Anson M. Beard Jr. with Professor John Coffee
One of the more interesting aspects of Morgan’s civil war was that the Group of Eight held only 11 million shares of the company, which represented only 1 of the firm’s market cap. Their ability to affect change so quickly, while controlling such a small percentage of shares was unprecedented. “We didn’t play to lose,” said Beard. He added that the Group was willing to spend the $15-20 million necessary to wage a proxy battle. Professor Coffee then remarked that personal services firms, such as Morgan Stanley, are fragile, since they’re employee based. The Group of Eight could influence migration and shine a public spotlight on Purcell and the Board, thereby resolving the dispute quickly.
Near the end of the presentation, Professor Keehner opened up the floor to questions, with one attendee wondering how Morgan Stanley allowed itself to be outmaneuvered by Dean Witter. The panel agreed that hubris on the part of the Morgan Stanley people was partly to blame. Market conditions also played a part, as Brad Hintz pointed out that after the tech bubble Dean Witter’s divisions performed better than the investment banking side, allowing Dean Witter to replace the Morgan Stanley people that left.
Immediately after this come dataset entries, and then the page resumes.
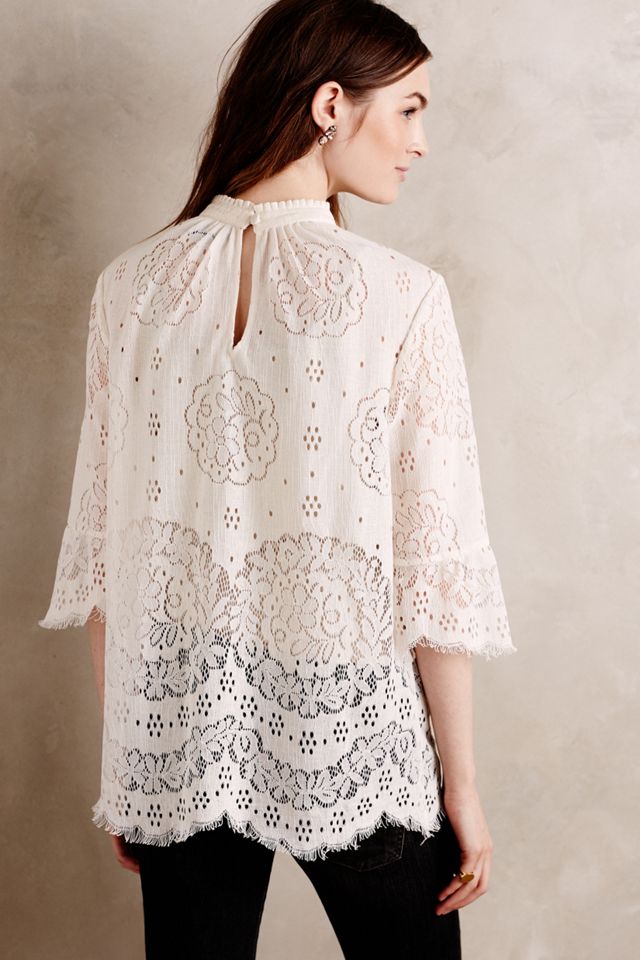 Lace Composition Blouse #1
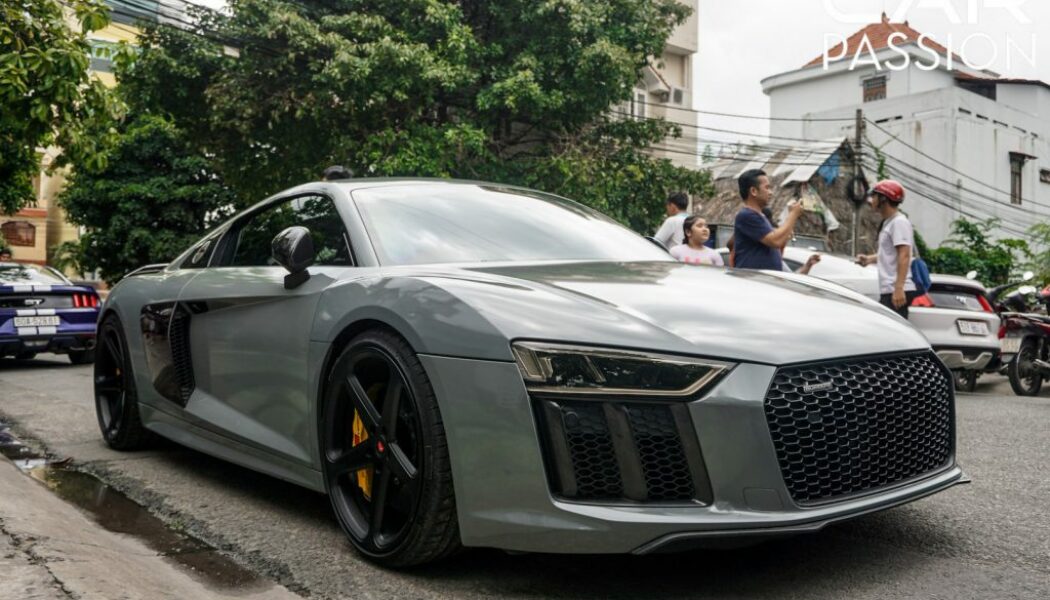 Bắt gặp Audi R8 V10 Plus trong bộ áo mới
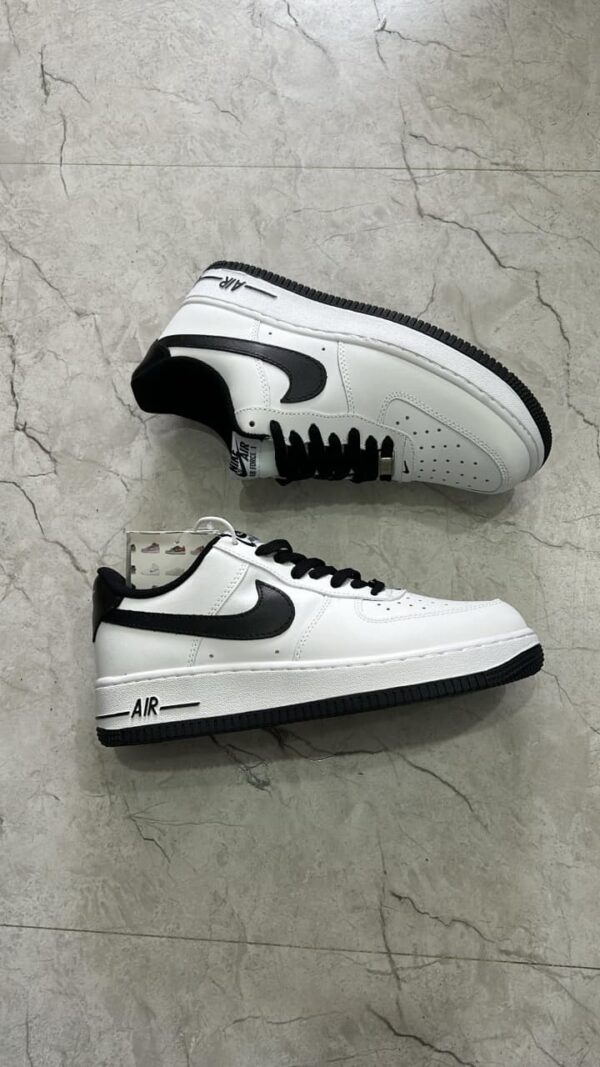 Nike Air Force Originals White with Black Sole – Iconic Streetwear Sneaker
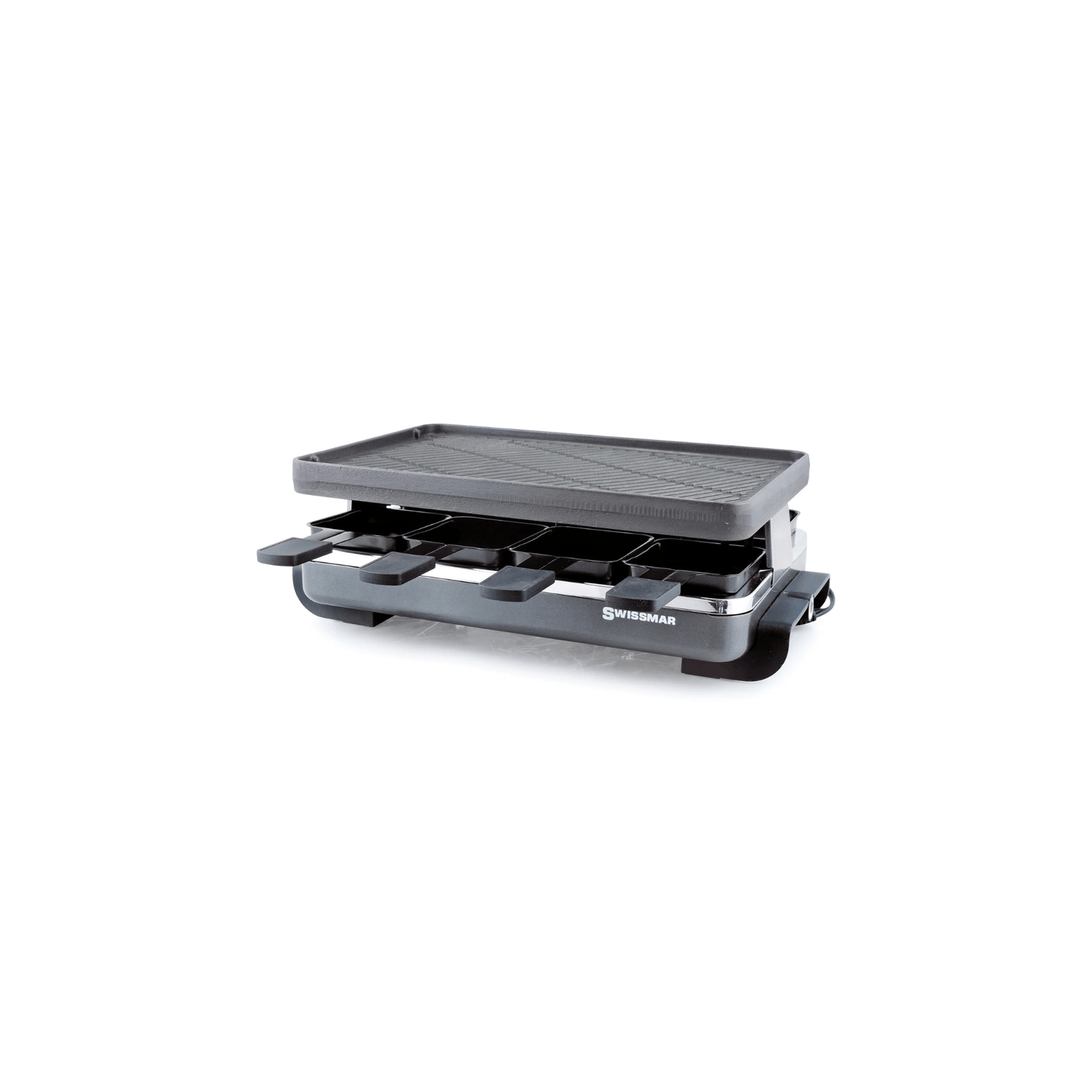Swissmar Raclette Grill with Cast Iron Top - Anthracite 056975029140 Cookware CDA Gourmet Anthracite cast iron 1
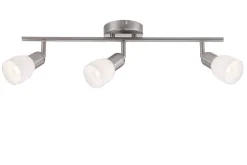 Heat kattospotti Soffe 3-osainen tanko harjattu teräs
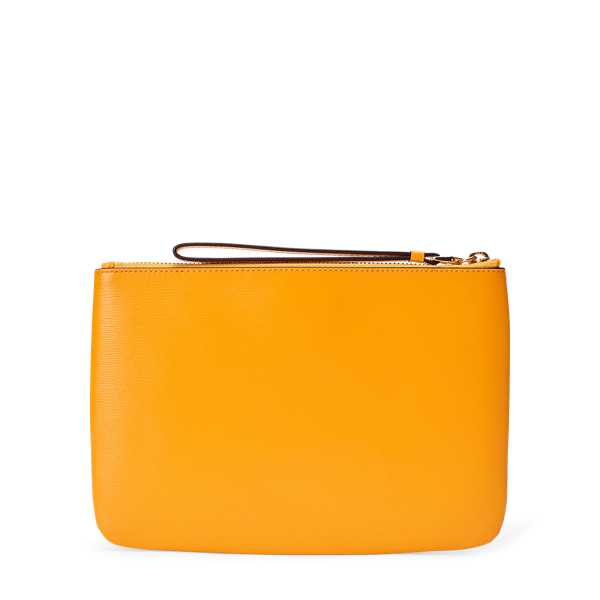 Sunflower Saffiano Leather Wristlet Lauren 3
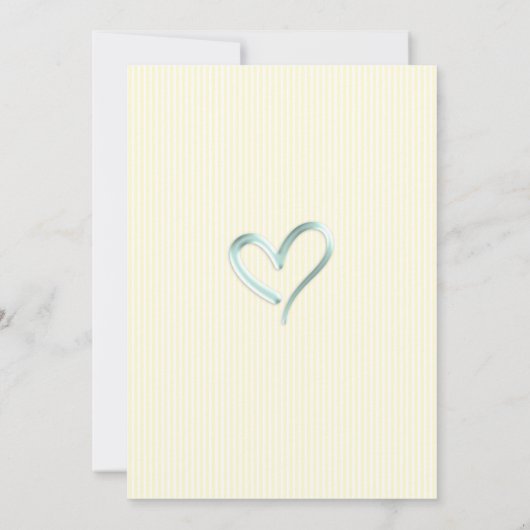 メイン絞りレモンブライダルシャワー招待 招待状 (裏面)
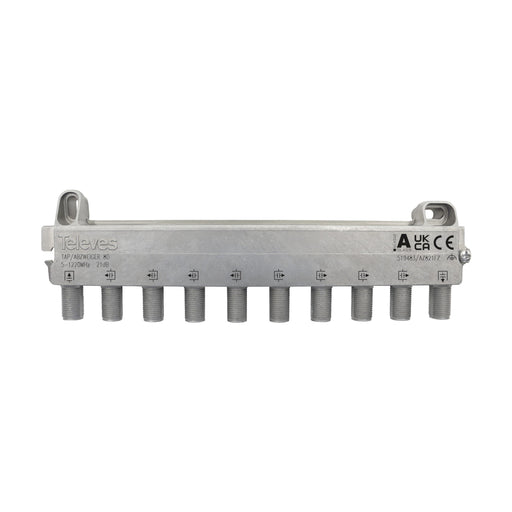Televes - Abzweiger und Verteiler Abzweiger 8f. AZ821FZ 5-1218 MHz AD: 21 dB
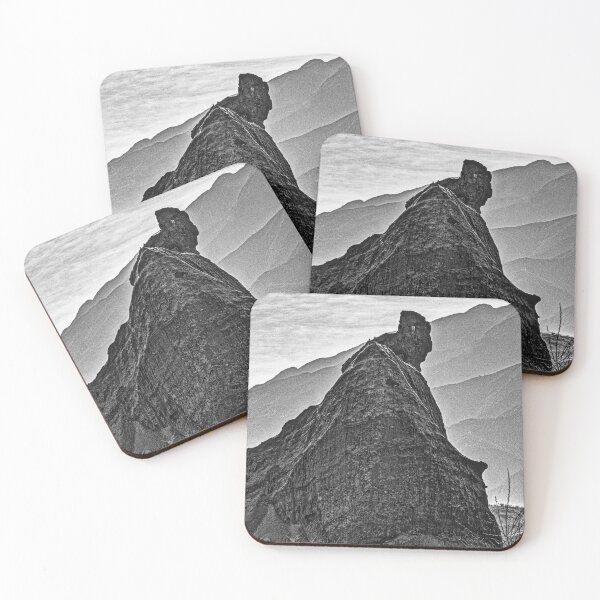 Item preview, El Fraile Rock Monochrome: Striking Contrast in Quebrada de las Conchas, Argentina designed and sold by Keltoi-art.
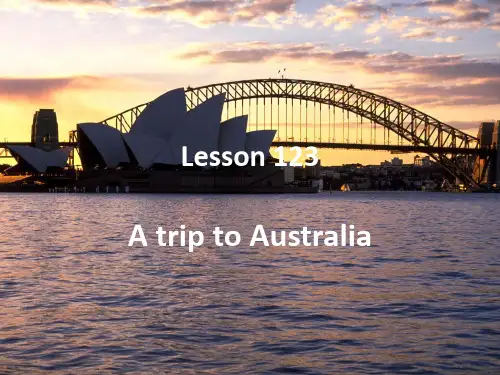 新概念英语NCE1_lesson123-124(共14页)课件
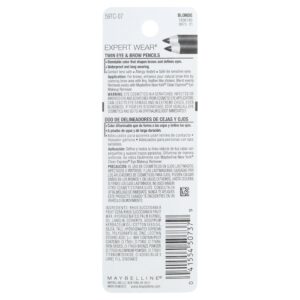 Maybelline Expert Wear Twin Brow and Eye Pencils, Velvet Black - Image 22
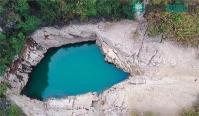 Ảnh Bí ẩn hồ nước trong xanh không đáy ở Trung Quốc: Chuyên gia lặn xuống mới phát hiện chân tướng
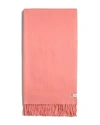 Rag & Bone Classic Fringe Wool Scarf In Pink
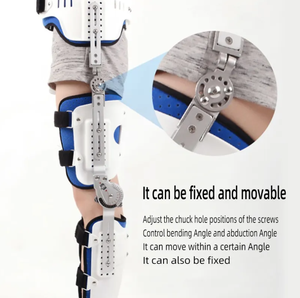 AMAIN <span class=keywords><strong>Pierna</strong></span> Brace <span class=keywords><strong>Ortesis</strong></span> Cadera Rodilla Tobillo Pie Fijación Brace <span class=keywords><strong>Ortesis</strong></span> Longitud ajustable - Product Image 4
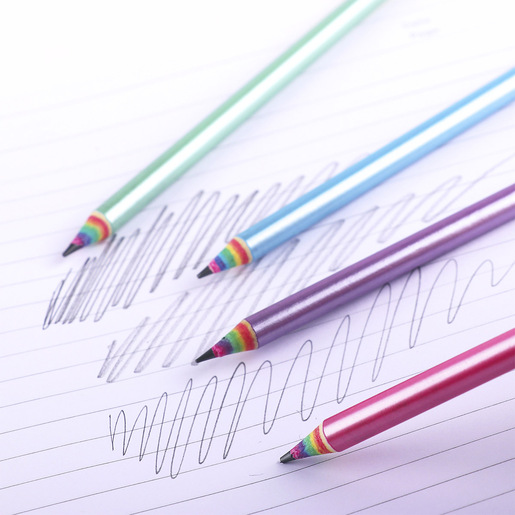 LAPIZ DE GRAFITO ISTUDY HB ARCOIRIS 4U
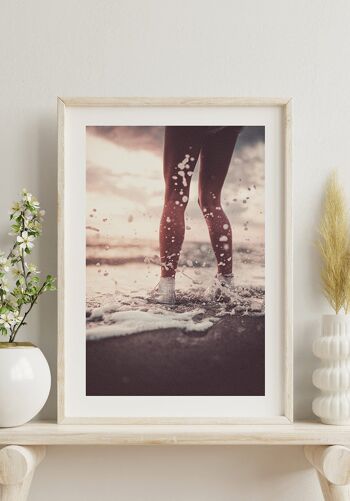 Affiche Photographie Sneaker Girl - 50 x 40 cm 5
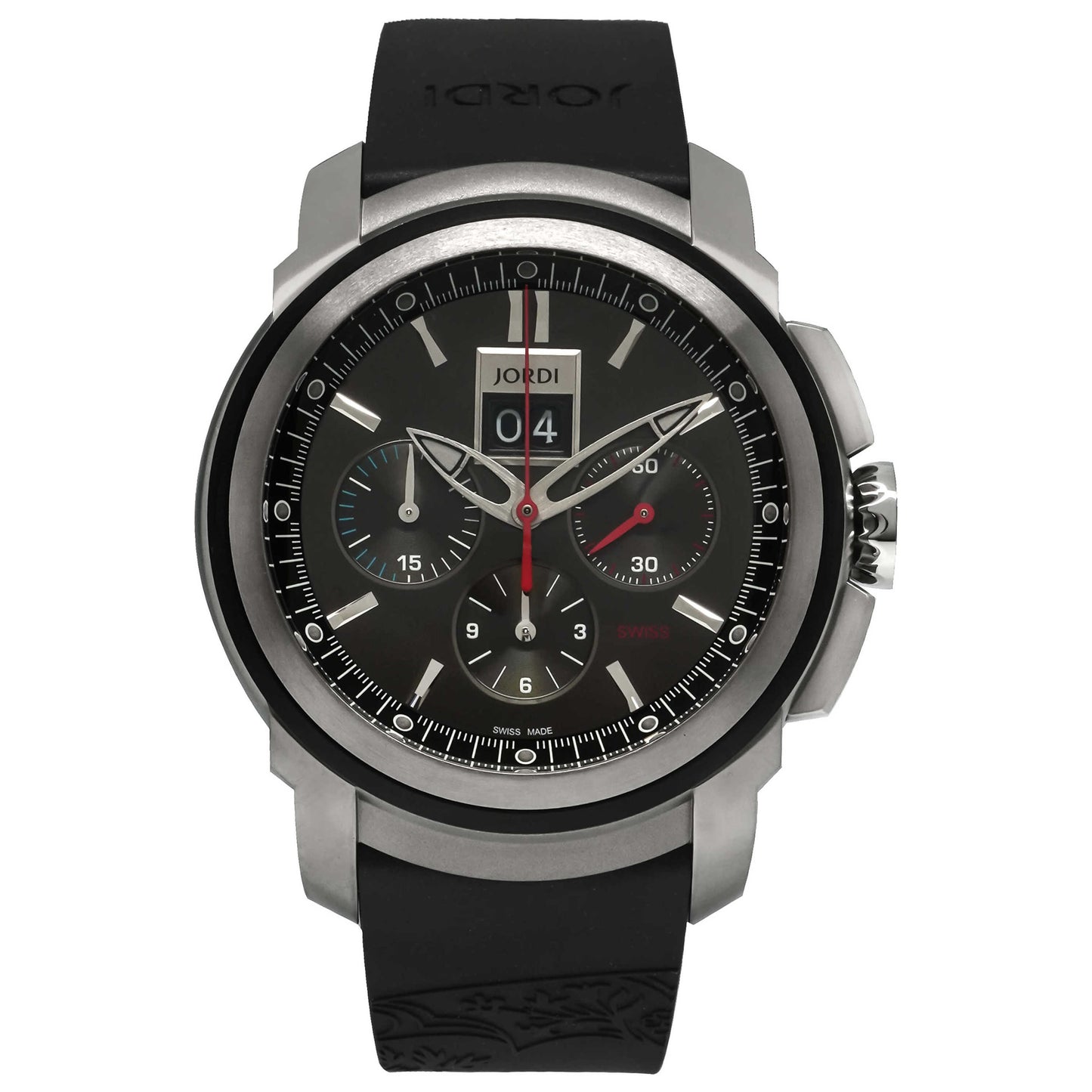 Front view of Michel Jordi Grimsel Men's Automatic Watch SIM-100-04-004-01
Professor Beim also felt that Mack, who came from a more collegial, partnership based background in investment banking, underestimated the ruthlessness of Purcell. The panel imparted several pearls of wisdom during the ninety minute event; such as most firms do not put enough time and effort into maintaining their culture and that the inevitable outcome of bad corporate governance is failure. But most importantly – respect your elders.